*Provided data*:

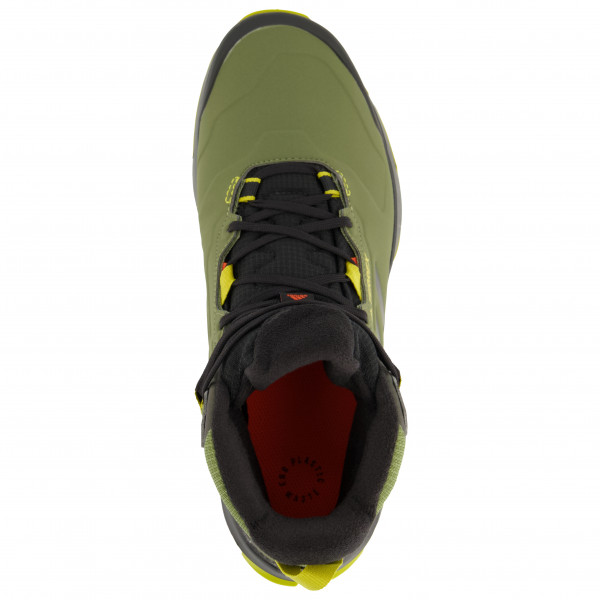 adidas Terrex - Terrex AX4 Mid Beta Cool Ready - Winterschuhe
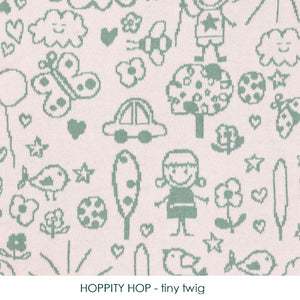 Hoppity Hop Gift Set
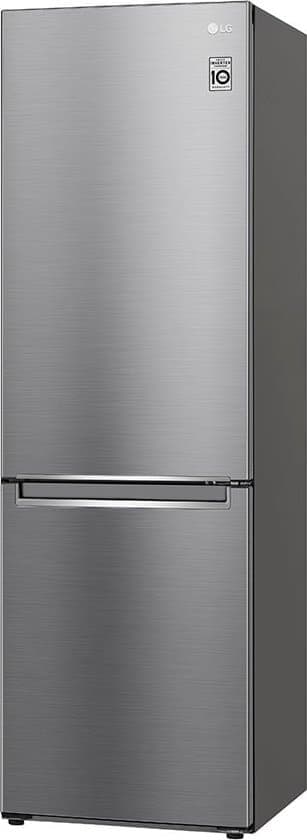 LG GBB61PZGCN1 – 341L koel-vriescombinatie met DoorCooling+™ – Moist Balance Crisper™ – FreshConverter™ – Smart Inverter Compressor – Beste uit de Test en Beste Koop Consumentenbond April 2023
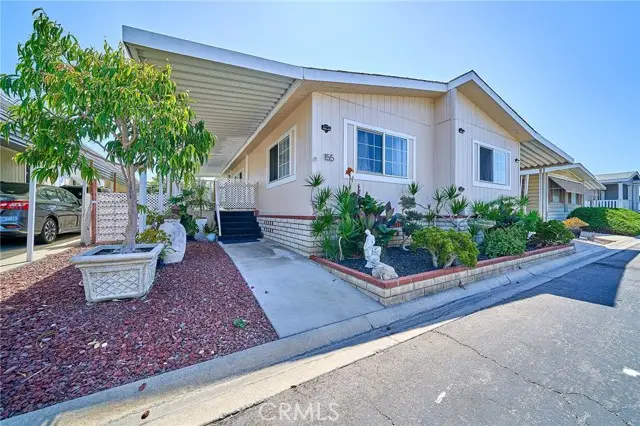3595 Santa Fe  #155, Long Beach, CA 90810 - #1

*What is expected*: Lines from the one containing "LG GBB61PZGCN1 –" through the end of the material above must be reproduced exactly; pictures must not be.

*Response for this exercise*:
 LG GBB61PZGCN1 – 341L koel-vriescombinatie met DoorCooling+™ – Moist Balance Crisper™ – FreshConverter™ – Smart Inverter Compressor – Beste uit de Test en Beste Koop Consumentenbond April 2023
3595 Santa Fe  #155, Long Beach, CA 90810 - #1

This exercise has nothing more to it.